Atalanta e Hipómenes de Guino Reni

Nesta semana dei-me, por obrigação interna de leitura, embrenhar-me na Odisseia – tarefa que, dizia ontem à noite a um amigo, não pensei nunca em enfrentar. Mas, deuteronomicamente, há tempo para tudo – e o tempo para ler mais um clássico chegou. Estou no instante em que Telêmaco é convencido à busca de Odisseu. Aqui chamo atenção para Atena, a que parece trazer consigo um amor pleno e adormecido pelo herói terreno. Isso vai se configurando à medida em que a deusa vai atuando com favorecimento às ações da grande empreitada do filho de Penélope.

As conformações desse amor de Atena estão num campo da admiração loquaz. Mas, se configura aí em gestos uma expressão que virá ser lapidada ao longo da produção poética universal – expressão, aliás, que deve ser a mais cantada na poesia. Assume, inclusive, protocolos de poético, ainda que saibamos não ser a poesia algo reduzido a um tema em específico.

Antes da relação de simpatia entre Atena e Odisseu, quem aqui nunca fez ou viu alguém despetalar uma flor a narrar “Bem me quer, mal me quer; bem me quer, mal me quer; bem me quer, mal me quer...” Alguém disse ser este o poema de amor mais fácil e universal que alguma vez passou por nós. E o amor adquire aí nesse jogo como o rodízio de uma espera, condicionada esta às linhas do tempo. Sobre a busca, a espera e realização do amor – em suas mais diferentes formas – os poetas têm transformado esse sentimento em arte de palavras, muitas lidas e tomadas pela verdade mais pura a nós próprios.

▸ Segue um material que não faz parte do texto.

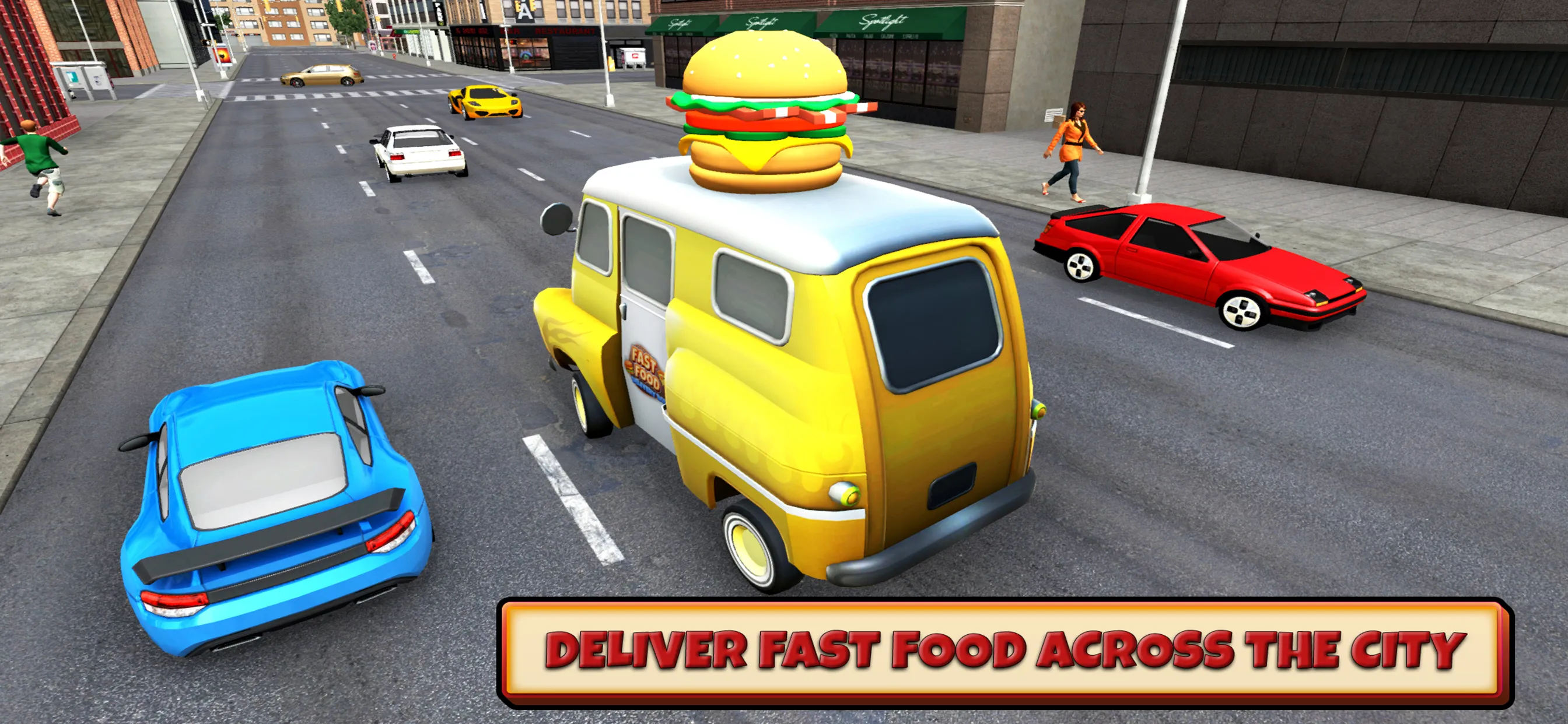 Fast Food Delivery Bike Game | Indus Appstore | Screenshot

Poemas que desvelam sentimentos alheios, adivinham os nossos, pressentem nossas emoções e nos coloca diante, sobretudo, de uma parte de nós mesmos.

E não há poeta que algum dia não tenha escrito sobre. Algum deles mesmo disse que todo poeta começa-se pelas desilusões amorosas que viveu ou por uma necessidade de se mostrar para alguém e não tem palavras exatas para verbalizar oralmente o sente. Findo o post com um soneto dos Cem sonetos de amor de Pablo Neruda:

De noite, amada, amarra teu coração ao meu
E que eles no sonho derretem as trevas
Como um duplo tambor combatendo no bosque
Contra o espesso muro das folhas molhadas.

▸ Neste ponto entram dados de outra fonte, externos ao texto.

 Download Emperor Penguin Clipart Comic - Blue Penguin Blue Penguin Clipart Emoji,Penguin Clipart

Noturna travessia, brasa negra do sonho
Interceptando o fio das uvas terrestres
Com a pontualidade de um trem descabelado
Que sombra e pedras frias sem cessar arrastasse.

Por isso, amor, amarra-me ao movimento puro,
À tenacidade que em teu peito bate
Com as asas de um cisne submergido,

Para que às perguntas estreladas do céu
Responda nosso sonho com uma só chave,
Com uma só porta fechada pela sombra.